- **ACTIVITY**: Report each line of the data that includes the word "girl".

- **SUPPLIED DATA**:
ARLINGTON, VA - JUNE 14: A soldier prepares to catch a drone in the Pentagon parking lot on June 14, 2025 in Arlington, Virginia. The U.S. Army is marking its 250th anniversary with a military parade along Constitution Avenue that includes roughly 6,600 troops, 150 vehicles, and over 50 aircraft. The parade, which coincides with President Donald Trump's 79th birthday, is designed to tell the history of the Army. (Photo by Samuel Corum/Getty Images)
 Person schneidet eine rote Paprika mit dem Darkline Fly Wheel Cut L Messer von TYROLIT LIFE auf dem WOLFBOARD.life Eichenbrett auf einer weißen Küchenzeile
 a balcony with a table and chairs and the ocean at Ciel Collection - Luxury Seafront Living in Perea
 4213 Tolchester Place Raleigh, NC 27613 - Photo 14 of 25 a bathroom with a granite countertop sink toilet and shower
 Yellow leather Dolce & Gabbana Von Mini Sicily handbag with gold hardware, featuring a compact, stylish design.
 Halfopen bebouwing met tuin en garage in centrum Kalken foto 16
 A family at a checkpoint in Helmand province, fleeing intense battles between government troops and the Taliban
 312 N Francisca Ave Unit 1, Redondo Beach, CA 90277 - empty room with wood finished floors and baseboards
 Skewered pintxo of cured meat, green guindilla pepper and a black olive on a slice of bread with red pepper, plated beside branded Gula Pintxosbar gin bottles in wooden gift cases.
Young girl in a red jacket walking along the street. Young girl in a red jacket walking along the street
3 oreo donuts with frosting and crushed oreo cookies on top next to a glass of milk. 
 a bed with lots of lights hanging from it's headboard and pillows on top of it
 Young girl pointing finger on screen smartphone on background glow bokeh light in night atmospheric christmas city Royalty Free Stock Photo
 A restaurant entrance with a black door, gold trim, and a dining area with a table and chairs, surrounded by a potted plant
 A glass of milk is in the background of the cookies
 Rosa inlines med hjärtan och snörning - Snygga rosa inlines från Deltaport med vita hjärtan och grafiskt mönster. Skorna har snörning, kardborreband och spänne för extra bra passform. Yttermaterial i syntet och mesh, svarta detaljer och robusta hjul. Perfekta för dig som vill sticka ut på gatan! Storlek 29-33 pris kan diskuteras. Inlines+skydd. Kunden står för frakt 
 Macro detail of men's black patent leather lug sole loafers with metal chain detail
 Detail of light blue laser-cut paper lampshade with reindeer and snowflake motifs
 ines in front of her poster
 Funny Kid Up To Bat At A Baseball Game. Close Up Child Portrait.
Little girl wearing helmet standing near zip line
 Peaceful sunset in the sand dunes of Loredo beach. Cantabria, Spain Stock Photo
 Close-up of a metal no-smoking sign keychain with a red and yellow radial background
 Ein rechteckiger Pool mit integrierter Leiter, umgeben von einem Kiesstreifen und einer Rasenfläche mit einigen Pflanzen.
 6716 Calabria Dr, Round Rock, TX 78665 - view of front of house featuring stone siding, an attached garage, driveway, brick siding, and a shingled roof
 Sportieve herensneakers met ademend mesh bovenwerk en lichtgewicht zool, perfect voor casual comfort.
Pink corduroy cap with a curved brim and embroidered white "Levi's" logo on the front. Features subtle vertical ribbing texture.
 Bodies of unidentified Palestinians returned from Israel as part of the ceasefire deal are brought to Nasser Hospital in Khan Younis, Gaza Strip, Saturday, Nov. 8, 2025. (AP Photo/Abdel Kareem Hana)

- **RESULT OF THE EXERCISE**:
Young girl in a red jacket walking along the street. Young girl in a red jacket walking along the street
 Young girl pointing finger on screen smartphone on background glow bokeh light in night atmospheric christmas city Royalty Free Stock Photo
Little girl wearing helmet standing near zip line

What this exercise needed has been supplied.